**DATASET EXCERPT**:

-- Opening Marker --

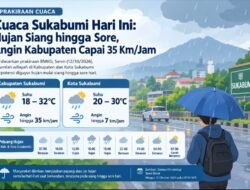 Cuaca Sukabumi Hari Ini: Hujan Diprakirakan Turun Siang hingga Sore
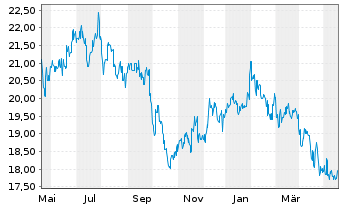 Chart ANA Holdings Inc. - 1 an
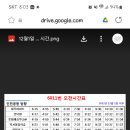 비지트호텔 네이버블로그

-- Closing Marker --

**WORK ITEM**:
Copy the data exactly. Pictures do not belong in the copy.

**EXERCISE RESPONSE**:
 Cuaca Sukabumi Hari Ini: Hujan Diprakirakan Turun Siang hingga Sore
 Chart ANA Holdings Inc. - 1 an
 비지트호텔 네이버블로그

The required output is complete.